**WHAT TO DO:** The span to copy runs from the line containing "Bathroom in ibis Cascavel" to the last line below. Copy it exactly, with nothing else.

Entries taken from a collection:
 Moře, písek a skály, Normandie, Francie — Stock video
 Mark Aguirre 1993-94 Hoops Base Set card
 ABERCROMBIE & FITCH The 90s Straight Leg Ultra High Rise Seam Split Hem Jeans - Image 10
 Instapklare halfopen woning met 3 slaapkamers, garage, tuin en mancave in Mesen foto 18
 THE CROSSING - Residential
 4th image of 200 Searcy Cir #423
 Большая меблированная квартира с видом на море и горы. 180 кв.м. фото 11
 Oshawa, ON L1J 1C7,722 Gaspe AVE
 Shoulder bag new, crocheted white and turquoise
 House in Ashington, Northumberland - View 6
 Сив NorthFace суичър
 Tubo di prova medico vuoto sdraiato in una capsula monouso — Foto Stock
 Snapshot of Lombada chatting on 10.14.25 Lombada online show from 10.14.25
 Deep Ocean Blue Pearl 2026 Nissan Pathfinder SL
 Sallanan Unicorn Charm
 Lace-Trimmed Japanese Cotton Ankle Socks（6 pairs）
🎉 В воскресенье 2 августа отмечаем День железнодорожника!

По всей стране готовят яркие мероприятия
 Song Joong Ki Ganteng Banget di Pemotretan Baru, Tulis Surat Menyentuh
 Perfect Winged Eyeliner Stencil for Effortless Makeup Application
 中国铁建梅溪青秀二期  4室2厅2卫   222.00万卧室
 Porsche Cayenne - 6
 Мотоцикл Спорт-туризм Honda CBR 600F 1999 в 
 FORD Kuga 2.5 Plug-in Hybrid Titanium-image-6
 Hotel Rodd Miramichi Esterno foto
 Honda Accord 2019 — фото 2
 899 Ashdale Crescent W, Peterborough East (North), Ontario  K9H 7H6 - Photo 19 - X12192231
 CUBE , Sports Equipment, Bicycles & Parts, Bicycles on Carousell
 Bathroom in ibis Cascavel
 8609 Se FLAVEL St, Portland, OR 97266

**COMPLETED TASK:**
 Bathroom in ibis Cascavel
 8609 Se FLAVEL St, Portland, OR 97266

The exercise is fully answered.